According to a letter of claim giving notice of possible legal action, which the Guardian claims has been sent to the Kingdom, Almasarir was targeted by Saudi Arabia with malware developed by a controversial Israeli firm, the NSO Group. The spyware infiltrates smartphones and monitors calls, texts, email and contacts, and can use the device's microphone and camera for surveillance.
The company in question is famous for manufacturing the notorious Pegasus spyware. In a separate scandal involving the Israeli firm, it is thought that NSO's software took advantage of a loophole on WhatsApp, which the latter was still working to fix as late as last weekend. WhatsApp is now urging its 1.5 billion global users to update the app on their devices to reduce the risk of further attacks.

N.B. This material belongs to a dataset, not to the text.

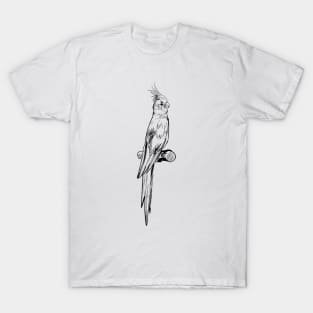 Cockatiel Hand Drawn T-Shirt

The letter of claim suggests that the same tactics were being used to target Almasarir. According to the Guardian, he received suspicious text messages in June last year. These were tracked by independent experts to a Pegasus operator who was "focused on Saudi Arabia" and were linked to a separate attack against another Saudi critic.
"A vast amount of Mr Almasarir's private information was stored and communicated on his iPhones… This included information relating to his personal life, his family, his relationships, his health, his finances, and private matters relating to his work promoting human rights in Saudi Arabia," the letter of claim states.

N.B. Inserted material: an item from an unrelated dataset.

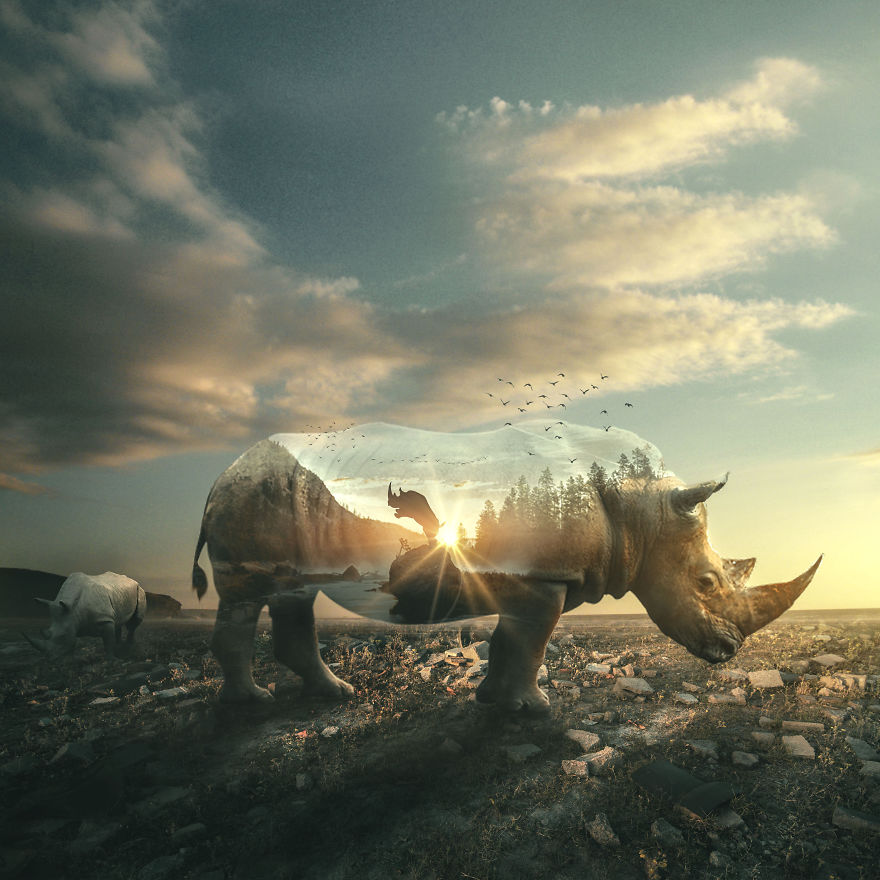 Simple "Digital Imaging" With Photoshop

Speaking to the Guardian, the dissident said: "We use the space of freedom in the west, in Europe and America and the Saudis want to take this freedom away from us by making me and others feeling like we are living in prison."
Saudi officials have not responded to requests for comment on the allegations against Riyadh, the latest of which comes within weeks of a plot uncovered by the CIA of potential threats to a Palestinian activist living in Norway. Iyad El-Baghdadi, a pro-democracy activist and critic of Bin Salman, was alerted to the threat on 25 April when the Norwegian authorities moved him to a secure location.
The incident will raise further questions over the way in which Israeli hacking software programmes are being used by repressive regimes to target dissidents and activists across the world. Such activities, which are regarded as an assault on free speech and democracy, have become a major source of concern. Amnesty, which was also targeted, has described the Israeli firm of being "out of control", citing its role in "a series of egregious human rights violations."